The facts are hard to look at. Attrition from doctoral programs in the arts and sciences stands at about 50%. Median graduate student debt is tens of thousands of dollars, and rising. Time to degree ranges from over seven years in the sciences, to over nine years in the humanities. Tenure-track professorships have been scarce for as long as any of us have been in the profession, but they’re so rare now that it’s a cause for celebration whenever anyone gets one.
Most students start graduate school with the idea that they want to become professors. Most will not attain this goal. What is an adviser to do in light of this fact? Some students decide during graduate school to pursue careers outside of academia after they get their degrees. Some choose to leave before they finish. How should we advise these students? For those who are lucky enough to get them, most full-time college teaching jobs are 1) not professorships anymore; and 2) at teaching-intensive rather than research-intensive institutions. Yet the graduate school curriculum (including the dissertation) typically centers on the skill set that is appropriate for work at a research university.
We have to change, but how?
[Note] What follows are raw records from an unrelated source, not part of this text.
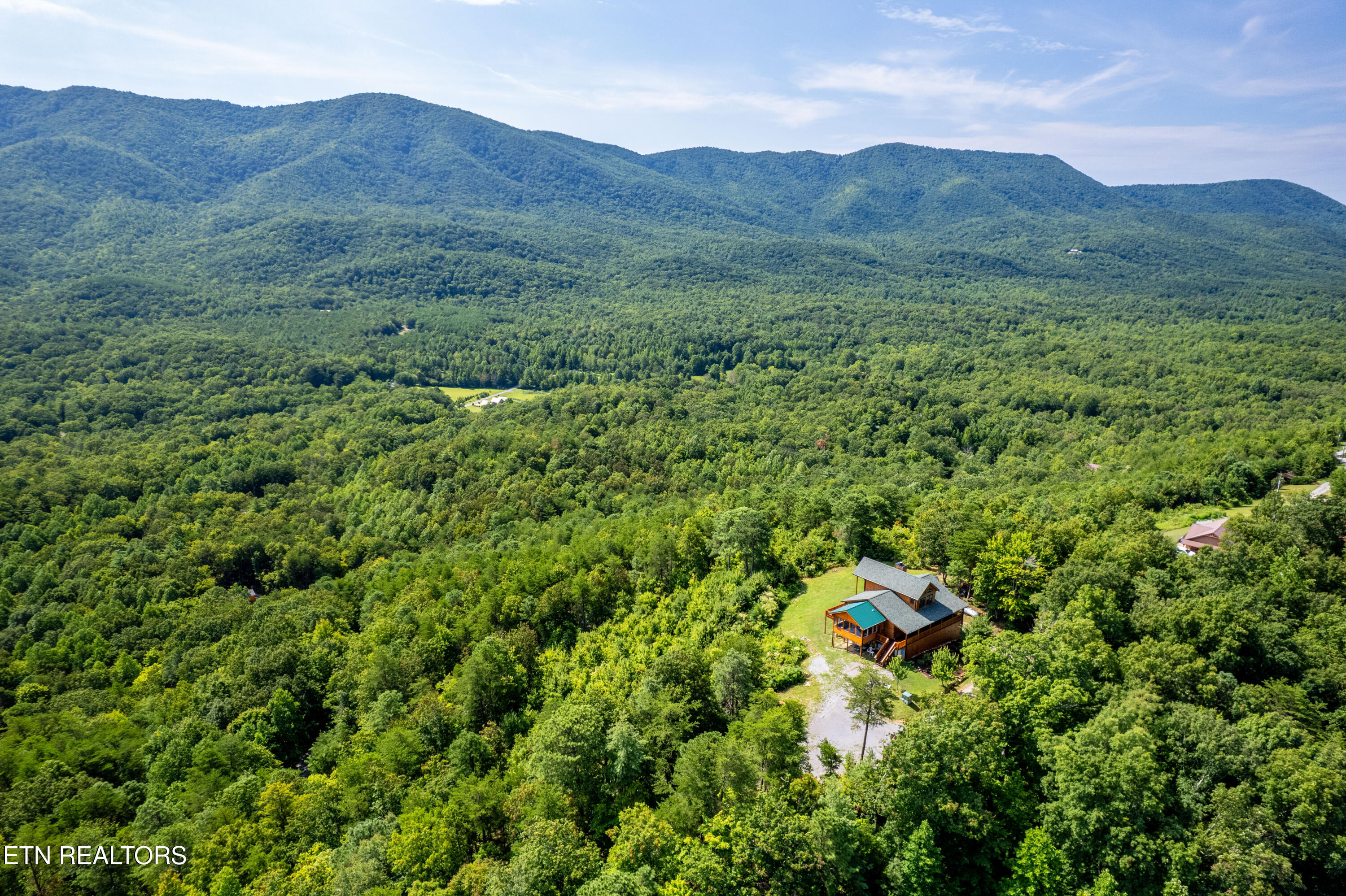 1099 Smithfield Road Tellico Plains, TN 37385 - Photo 50 of 58 1099Smithfield-67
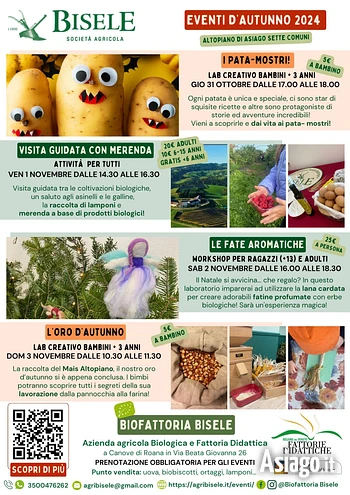 Bisele eventi autunno 2024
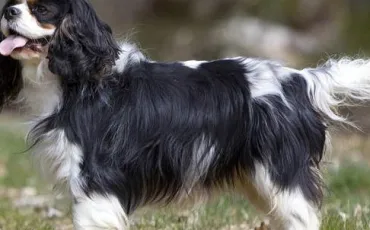 Quiz Chiens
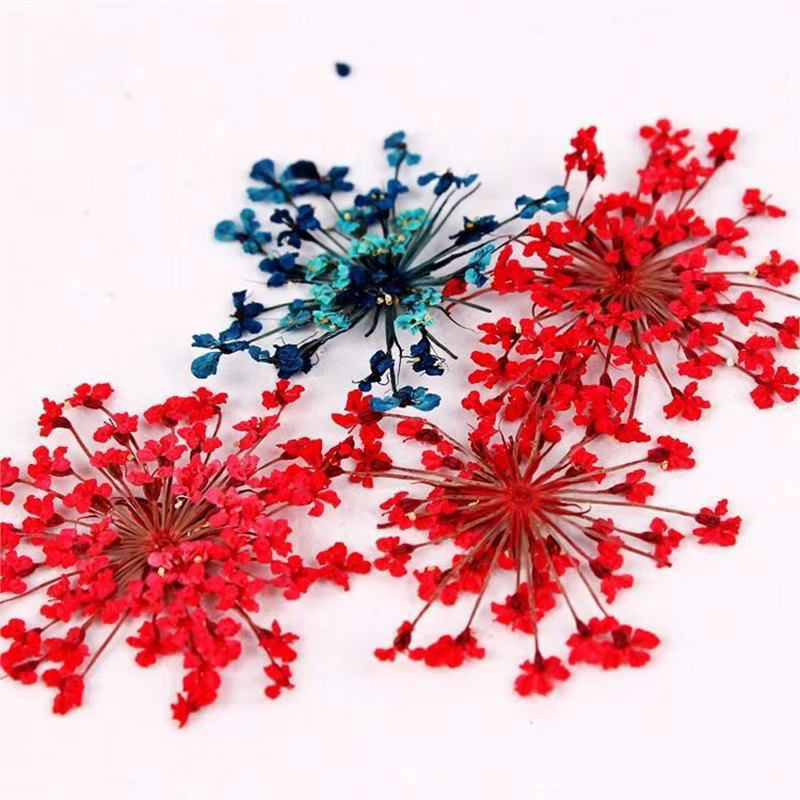 Décoration d'ongles avec fleurs séchées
We must renovate our practice by thinking of these employment problems as teaching problems--and then adjust our teaching to meet them. (Advising is part of graduate teaching, perhaps the most important part.) How long should a PhD take? That's a question we have to answer in relation to the realities that face our students. What should the dissertation look like going forward? Should it change to fit our new surroundings? Are graduate students apprentices, or term laborers? Should the answer affect how we teach them?